|
Graduate student gives seminar at NASA |
|
|
|
Emil Constantinescu, Ph.D. student at the Computer Science department at Virginia Tech, gave an invited seminar at NASA Goddard Space Flight Center’s Office of Global Modeling and Assimilation, on December 18, 2007. The seminar was entitled “Ensemble Kalman filter data assimilation for atmospheric chemistry and transport models.”
As Constantinescu explained, data assimilation is a process through which observations or measurements are incorporated into a computational simulation with the purpose of adjusting the results to better represent the reality. The typical example is found in weather forecasting; here long term predictions are unreliable due to the chaotic nature of the atmosphere. Real observations are needed to adjust the simulation variables in order to have a better representation of the atmosphere and thus improve the forecast skill.
“My advisor, Dr. Adrian Sandu, and I have developed a data assimilation algorithm for the assimilation of observations in atmospheric chemistry simulations. These applications are central in air pollution models and are becoming a very important component in climate models. Our data assimilation techniques proved to be very effective in an operational-like real test case,” said Constantinescu.
“My visit to NASA was great a experience in many aspects. I had the opportunity to present a very important component of my research and interact with top scientists at NASA. I was also able to get a glimpse at the state-of-the-art projects that they are working on. Our hope is that the data assimilation techniques developed by our group at the Computational Science Laboratory may become a component used in operational models for climate simulations,” Constantinescu concluded.

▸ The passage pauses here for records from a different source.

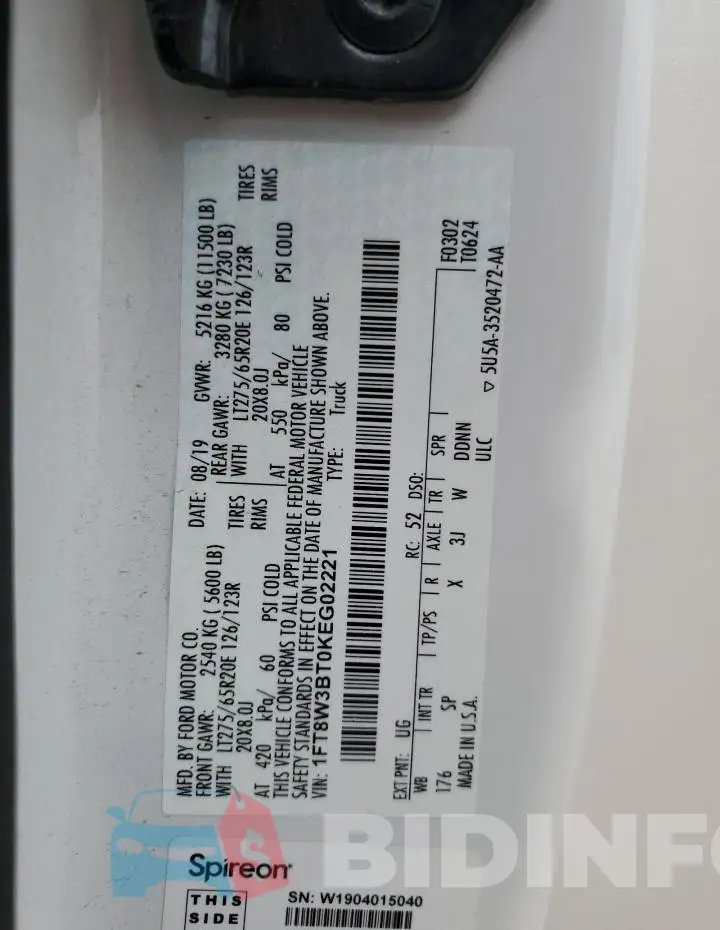1FT8W3BT0KEG02221 Photo# 12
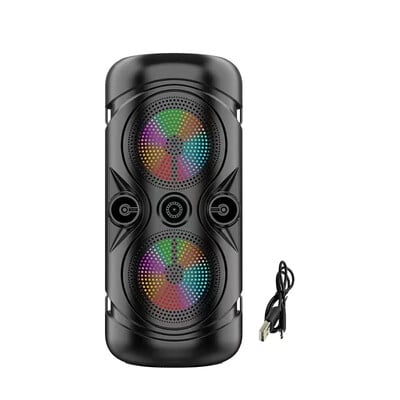 ZQS-4259 Difuzor Bluetooth portabil, fără fir, în aer liber, bas, difuzor cu LED-uri de înaltă calitate, cu radio/USB/card TF/difuzor MIC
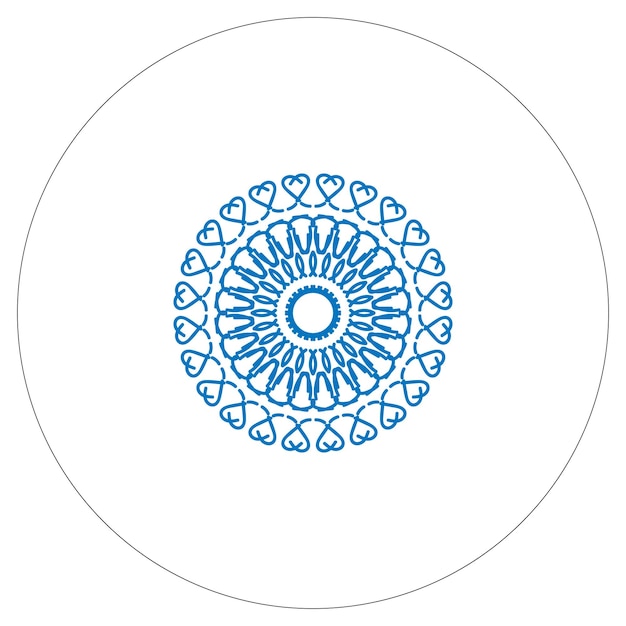Hermoso diseño de mandala de arte lineal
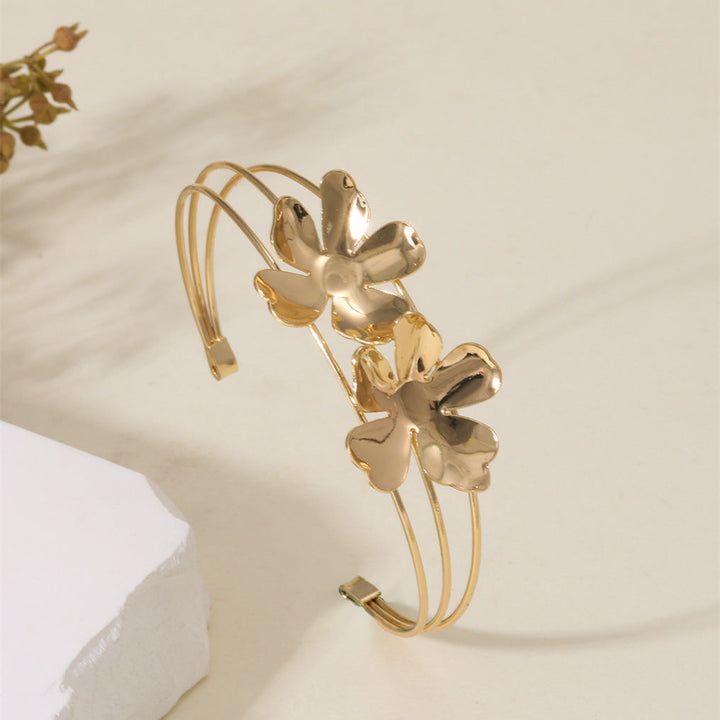 Women Open Bangle with Artistic Flower Motif Land Girl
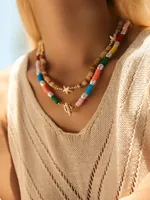 Starfish Marine Style Imitation Pearl Copper Zinc Alloy Necklace Wholesale sku image 1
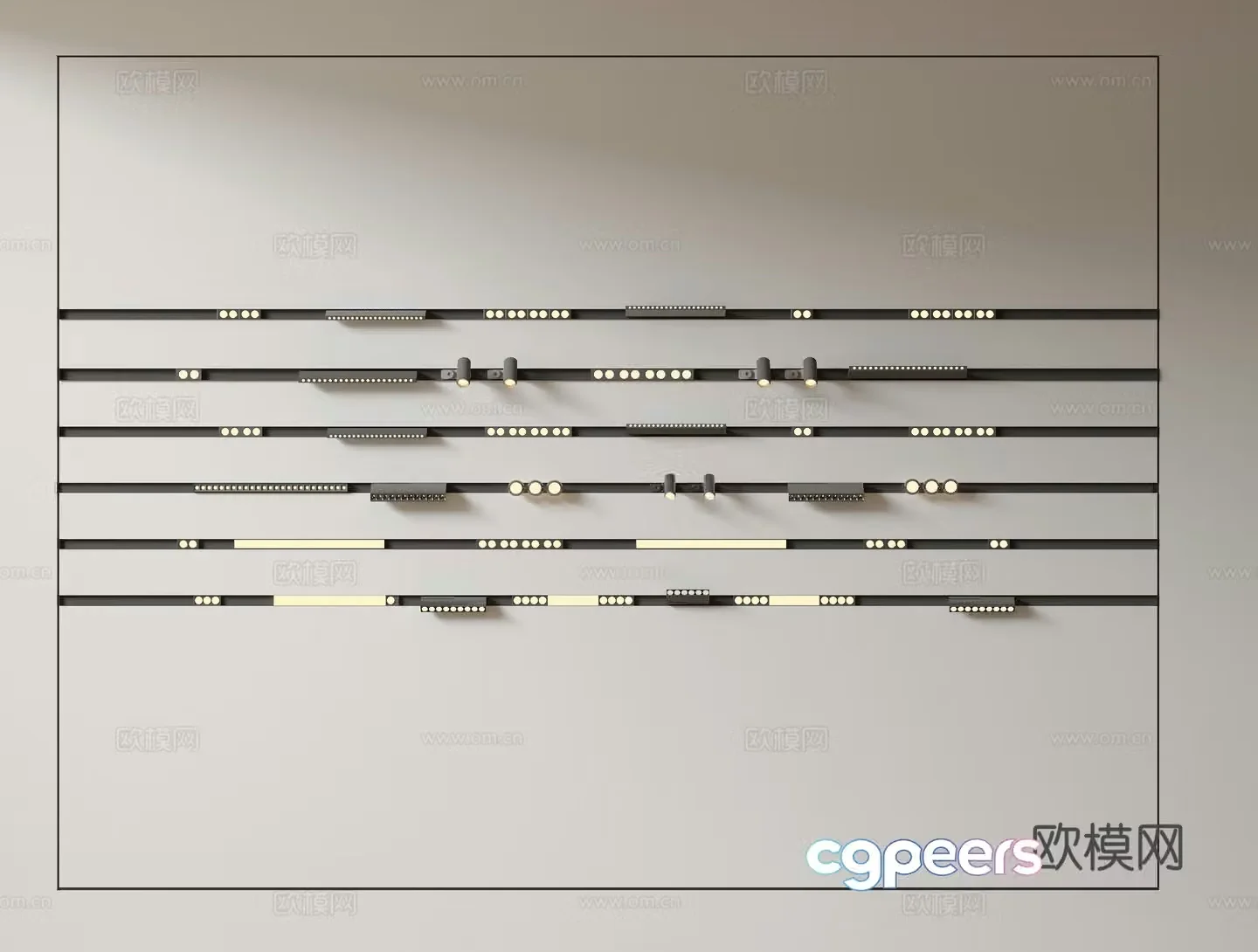 Modern downlight spotlight magnetic track spotlight 3d model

Emil Constantinescu will graduate from Virginia Tech in May 2008. He received his B.S. and M.S. in Automatic Control and Computers from Politehnica University of Bucharest, Romania in 2001 and 2002, respectively. Constantinescu’s research interests include numerical methods for multiscale/multiphysics simulations, as well as uncertainty quantification and reduction for large-scale models. He has 7 journal publications, and has participated in over 10 conference events.